When I was in college, I felt a constant urge or calling to go to Australia. I could not explain this, and no, it was NOT just because I shared the name of one of its most magnificent cities. There was just something pulling my heart in that direction – an always-present tug that felt like an invitation to my soul. It did not make any sense to my thinking/logical brain…I was a college student who was responsible for paying all of my expenses, anything beyond tuition, and I had not lived in any other country at any point in my life. What was up with this? Why Australia, of all places? It was also hardly convenient – the long travel, the 14-hour time change. There were only 2 universities in the US that even supported college kids doing an exchange program there (mine was not one of them, meaning applying to, getting accepted, and getting the credits was going to be effort and a lot of logistical headaches). One other fun fact – circa 1986-90, no one had email or cell phones, so any communication was going to be incredibly difficult. I am a bit surprised my parents did not shut this down, but they were not the type to be too involved or worried since I was also pretty much a rule-following, people-pleasing type of kid.
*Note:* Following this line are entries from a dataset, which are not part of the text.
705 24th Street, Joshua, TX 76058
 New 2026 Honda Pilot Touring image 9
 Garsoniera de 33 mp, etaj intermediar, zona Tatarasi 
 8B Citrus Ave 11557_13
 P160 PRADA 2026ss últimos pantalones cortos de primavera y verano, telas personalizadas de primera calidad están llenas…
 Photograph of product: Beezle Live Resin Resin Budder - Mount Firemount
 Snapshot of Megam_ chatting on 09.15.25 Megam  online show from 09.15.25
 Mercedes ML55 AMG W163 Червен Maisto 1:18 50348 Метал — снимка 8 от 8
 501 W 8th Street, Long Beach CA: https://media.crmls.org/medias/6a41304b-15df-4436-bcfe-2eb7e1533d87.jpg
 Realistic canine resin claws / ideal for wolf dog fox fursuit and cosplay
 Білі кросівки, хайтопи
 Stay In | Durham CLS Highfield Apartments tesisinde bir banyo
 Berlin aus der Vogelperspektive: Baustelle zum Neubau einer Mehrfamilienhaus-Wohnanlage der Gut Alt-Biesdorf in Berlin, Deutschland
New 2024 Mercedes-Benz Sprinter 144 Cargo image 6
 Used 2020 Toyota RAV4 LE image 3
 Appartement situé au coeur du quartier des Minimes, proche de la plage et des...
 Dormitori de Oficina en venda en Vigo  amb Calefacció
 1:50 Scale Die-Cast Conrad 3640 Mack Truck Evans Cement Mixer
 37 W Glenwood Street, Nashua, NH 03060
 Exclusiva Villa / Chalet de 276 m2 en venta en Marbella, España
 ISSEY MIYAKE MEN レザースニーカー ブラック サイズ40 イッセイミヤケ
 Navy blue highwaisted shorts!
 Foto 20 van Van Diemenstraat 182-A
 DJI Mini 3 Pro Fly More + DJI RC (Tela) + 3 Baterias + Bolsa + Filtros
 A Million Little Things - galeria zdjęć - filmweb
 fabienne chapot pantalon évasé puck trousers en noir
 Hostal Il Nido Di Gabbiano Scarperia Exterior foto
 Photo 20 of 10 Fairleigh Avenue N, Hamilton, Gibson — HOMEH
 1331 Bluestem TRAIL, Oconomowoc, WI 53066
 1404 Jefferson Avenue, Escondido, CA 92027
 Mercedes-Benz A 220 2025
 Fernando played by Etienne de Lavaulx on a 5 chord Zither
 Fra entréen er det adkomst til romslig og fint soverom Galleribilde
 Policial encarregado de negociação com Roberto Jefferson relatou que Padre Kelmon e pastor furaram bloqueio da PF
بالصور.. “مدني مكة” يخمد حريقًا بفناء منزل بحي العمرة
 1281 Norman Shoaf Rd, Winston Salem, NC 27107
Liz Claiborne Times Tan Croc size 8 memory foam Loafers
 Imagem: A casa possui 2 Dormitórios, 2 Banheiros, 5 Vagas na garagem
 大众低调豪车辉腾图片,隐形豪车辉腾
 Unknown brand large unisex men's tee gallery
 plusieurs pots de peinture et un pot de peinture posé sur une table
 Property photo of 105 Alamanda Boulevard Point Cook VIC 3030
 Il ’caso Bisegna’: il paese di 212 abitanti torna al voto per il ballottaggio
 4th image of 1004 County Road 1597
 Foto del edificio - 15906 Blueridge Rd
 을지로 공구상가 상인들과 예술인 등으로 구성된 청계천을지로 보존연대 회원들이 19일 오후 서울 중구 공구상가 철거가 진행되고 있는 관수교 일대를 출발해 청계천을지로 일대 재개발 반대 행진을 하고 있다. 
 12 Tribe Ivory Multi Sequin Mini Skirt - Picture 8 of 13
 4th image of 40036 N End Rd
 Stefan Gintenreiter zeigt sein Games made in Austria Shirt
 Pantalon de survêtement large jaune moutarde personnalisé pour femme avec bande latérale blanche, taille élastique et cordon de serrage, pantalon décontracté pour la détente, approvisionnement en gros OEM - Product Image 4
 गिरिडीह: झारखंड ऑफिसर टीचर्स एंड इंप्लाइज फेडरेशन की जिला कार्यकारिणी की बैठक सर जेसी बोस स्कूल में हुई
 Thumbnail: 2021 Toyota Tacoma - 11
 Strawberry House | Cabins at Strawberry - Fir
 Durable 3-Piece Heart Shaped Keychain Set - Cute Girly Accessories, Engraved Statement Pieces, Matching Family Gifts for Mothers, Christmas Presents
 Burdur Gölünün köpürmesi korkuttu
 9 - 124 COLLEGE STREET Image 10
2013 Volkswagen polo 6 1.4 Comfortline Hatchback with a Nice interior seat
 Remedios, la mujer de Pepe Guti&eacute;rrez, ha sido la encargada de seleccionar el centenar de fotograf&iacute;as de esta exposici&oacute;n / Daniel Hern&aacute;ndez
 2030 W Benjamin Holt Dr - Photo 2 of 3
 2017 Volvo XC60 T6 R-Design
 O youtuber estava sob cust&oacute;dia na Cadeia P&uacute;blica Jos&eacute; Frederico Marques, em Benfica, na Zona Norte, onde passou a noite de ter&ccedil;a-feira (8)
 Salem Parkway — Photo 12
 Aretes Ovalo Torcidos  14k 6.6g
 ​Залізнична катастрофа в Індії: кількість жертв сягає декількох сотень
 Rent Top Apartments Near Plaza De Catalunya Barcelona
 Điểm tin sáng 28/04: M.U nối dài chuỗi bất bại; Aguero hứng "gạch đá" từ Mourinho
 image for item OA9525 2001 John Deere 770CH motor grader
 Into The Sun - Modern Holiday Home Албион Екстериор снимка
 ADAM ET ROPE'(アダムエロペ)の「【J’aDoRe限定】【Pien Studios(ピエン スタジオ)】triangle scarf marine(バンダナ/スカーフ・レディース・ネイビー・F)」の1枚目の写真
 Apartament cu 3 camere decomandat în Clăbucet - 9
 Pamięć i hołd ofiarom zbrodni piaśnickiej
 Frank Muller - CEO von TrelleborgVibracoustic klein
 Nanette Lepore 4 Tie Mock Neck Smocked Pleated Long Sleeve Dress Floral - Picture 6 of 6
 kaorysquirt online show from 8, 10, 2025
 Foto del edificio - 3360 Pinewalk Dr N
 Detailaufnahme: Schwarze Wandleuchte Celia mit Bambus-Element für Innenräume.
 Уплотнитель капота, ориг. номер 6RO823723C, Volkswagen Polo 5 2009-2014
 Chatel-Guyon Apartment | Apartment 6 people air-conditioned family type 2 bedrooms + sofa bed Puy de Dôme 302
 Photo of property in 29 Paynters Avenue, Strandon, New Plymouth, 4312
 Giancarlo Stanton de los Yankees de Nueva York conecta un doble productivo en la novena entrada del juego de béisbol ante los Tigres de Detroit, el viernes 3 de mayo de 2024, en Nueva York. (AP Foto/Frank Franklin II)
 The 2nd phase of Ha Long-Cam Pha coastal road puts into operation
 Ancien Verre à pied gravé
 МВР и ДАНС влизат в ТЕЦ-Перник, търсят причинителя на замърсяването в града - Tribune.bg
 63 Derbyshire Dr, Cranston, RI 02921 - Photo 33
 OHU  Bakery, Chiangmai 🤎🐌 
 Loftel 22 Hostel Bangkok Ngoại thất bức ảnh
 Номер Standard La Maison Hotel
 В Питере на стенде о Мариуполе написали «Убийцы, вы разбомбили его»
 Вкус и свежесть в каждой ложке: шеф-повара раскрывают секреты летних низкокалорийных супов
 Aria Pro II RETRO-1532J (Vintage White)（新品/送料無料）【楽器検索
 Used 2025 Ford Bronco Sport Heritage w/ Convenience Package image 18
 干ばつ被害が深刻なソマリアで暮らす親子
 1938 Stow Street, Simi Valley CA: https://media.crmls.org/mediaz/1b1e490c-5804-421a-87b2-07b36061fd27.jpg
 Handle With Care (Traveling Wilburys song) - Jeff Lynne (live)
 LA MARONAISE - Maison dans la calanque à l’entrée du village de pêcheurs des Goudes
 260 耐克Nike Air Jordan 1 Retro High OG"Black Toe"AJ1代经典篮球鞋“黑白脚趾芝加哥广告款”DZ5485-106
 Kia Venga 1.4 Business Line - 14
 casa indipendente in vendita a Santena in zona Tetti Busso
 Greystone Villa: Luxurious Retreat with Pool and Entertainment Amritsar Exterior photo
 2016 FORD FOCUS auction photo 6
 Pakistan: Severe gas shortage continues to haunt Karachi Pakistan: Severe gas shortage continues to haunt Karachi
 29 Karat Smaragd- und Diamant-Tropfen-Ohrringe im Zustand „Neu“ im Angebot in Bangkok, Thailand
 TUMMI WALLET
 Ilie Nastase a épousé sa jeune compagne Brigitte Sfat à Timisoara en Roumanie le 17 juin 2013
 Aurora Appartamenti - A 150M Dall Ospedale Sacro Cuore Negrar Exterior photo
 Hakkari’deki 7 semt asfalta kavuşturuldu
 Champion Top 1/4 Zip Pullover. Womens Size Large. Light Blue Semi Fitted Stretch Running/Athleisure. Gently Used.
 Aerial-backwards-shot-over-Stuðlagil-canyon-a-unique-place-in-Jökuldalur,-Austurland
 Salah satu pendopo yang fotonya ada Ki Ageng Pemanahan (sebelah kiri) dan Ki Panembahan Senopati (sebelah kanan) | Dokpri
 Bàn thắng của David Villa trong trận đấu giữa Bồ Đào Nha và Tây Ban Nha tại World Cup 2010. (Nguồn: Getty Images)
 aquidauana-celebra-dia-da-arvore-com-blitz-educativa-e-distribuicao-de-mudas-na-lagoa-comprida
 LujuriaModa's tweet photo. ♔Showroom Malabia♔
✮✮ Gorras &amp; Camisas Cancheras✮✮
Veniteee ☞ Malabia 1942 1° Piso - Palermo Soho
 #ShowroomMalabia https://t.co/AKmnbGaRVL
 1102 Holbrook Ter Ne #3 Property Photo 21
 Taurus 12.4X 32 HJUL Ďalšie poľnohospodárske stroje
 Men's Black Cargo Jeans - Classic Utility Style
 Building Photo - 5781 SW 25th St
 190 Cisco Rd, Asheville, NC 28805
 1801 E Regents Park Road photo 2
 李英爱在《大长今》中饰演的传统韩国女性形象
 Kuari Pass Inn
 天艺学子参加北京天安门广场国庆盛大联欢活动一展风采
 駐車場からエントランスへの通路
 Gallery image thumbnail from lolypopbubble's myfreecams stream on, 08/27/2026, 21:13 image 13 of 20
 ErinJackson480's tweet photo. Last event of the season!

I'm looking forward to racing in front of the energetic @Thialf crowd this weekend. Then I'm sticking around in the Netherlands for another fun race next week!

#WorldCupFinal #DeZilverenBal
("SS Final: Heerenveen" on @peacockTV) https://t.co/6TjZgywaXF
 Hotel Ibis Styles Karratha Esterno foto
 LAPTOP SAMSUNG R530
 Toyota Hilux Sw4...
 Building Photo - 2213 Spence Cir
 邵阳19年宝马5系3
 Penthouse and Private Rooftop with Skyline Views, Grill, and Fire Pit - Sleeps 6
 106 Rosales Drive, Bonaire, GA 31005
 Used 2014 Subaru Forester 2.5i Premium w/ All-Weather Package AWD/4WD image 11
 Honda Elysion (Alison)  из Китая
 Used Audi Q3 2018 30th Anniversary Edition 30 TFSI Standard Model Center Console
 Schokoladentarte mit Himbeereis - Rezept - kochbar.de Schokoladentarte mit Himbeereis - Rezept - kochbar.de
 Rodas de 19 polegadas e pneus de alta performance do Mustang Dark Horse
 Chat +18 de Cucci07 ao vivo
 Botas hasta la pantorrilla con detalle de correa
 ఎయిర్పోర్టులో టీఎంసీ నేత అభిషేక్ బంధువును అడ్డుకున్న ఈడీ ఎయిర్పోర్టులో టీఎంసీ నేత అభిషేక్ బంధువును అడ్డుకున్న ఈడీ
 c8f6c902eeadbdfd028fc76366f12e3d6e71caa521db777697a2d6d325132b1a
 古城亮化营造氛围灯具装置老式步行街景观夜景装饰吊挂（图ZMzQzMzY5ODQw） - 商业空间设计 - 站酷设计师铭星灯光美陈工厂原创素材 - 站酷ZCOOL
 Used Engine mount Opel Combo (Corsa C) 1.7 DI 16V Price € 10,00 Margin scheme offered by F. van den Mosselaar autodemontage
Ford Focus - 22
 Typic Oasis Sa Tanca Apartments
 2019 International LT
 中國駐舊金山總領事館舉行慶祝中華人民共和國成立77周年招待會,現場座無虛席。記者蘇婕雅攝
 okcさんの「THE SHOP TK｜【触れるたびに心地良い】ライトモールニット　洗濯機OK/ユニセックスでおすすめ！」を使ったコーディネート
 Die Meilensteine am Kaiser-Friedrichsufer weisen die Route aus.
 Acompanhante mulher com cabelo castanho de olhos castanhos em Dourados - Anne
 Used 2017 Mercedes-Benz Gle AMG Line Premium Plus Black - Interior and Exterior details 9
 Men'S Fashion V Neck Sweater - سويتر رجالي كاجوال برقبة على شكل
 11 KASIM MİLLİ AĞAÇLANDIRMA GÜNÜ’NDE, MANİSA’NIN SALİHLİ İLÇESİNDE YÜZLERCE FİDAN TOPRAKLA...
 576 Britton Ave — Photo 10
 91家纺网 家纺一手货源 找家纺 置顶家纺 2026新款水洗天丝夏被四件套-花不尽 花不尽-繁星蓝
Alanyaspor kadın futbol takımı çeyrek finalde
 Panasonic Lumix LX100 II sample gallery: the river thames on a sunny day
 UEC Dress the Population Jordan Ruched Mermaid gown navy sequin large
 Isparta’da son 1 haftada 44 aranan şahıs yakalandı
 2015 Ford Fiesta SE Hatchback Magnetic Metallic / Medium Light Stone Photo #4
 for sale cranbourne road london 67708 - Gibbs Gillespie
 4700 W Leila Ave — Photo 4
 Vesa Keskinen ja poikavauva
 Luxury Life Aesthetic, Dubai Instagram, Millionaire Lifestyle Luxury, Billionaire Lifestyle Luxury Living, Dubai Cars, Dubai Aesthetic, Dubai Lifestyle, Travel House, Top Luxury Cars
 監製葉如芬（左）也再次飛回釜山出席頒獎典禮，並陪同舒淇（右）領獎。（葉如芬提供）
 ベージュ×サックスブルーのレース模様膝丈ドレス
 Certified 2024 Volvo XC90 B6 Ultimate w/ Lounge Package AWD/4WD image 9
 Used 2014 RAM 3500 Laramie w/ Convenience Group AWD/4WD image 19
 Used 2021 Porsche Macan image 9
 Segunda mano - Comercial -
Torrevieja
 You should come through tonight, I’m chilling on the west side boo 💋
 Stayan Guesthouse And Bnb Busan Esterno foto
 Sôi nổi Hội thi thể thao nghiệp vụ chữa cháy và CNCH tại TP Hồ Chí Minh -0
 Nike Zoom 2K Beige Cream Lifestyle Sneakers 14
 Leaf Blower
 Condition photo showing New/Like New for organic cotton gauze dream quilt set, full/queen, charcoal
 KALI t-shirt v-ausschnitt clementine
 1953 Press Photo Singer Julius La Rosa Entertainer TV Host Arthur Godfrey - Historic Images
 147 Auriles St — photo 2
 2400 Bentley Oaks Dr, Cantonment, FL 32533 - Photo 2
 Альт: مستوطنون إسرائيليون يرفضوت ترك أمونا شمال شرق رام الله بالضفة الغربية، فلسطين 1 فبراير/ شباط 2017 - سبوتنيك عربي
It would have been so much easier to go where other kids were trending then – to take a safer option and ignore “the big wild and adventurous dream.” I am still a bit puzzled that I didn’t change my mind since the entire world seemed to think this was completely outrageous.
I made a commitment that I was going to make this happen and started planning for the long game. I worked extra jobs and saved enough money, and away I went in my junior year for a semester. In six short months, I grew up in more ways imaginable: immersing myself in a new culture, studying subjects that were so different and interesting, and making new friends, but the best part of it all was my Australian parents. Ron and Marilyn are two of the brightest lights on our planet. Both college professors with brains for days, but their hearts are even bigger. They were the “cool house” where all of us misplaced US exchange kids could sleep it off after the pub crawls, write (yes, by hand) last-minute papers due, or even rent a van and go borrow their house by the water at Airey’s Inlet. (I am not sure they were using their rational minds with that decision…) Ron would often be singing show tunes around the house, and Marilyn would encourage me to try cooking “anything American,” which was usually a disaster, but they were too nice to say so. We would be taken out to local restaurants to try new foods and encouraged to explore all of the nature and ecosystems around us. They included us to learn more about their love for their country – Aussie rules footie, Aboriginal art, birds, and plants and animals. However, the greatest gift by far of the entire study abroad experience was bringing these two inspirational people into my life.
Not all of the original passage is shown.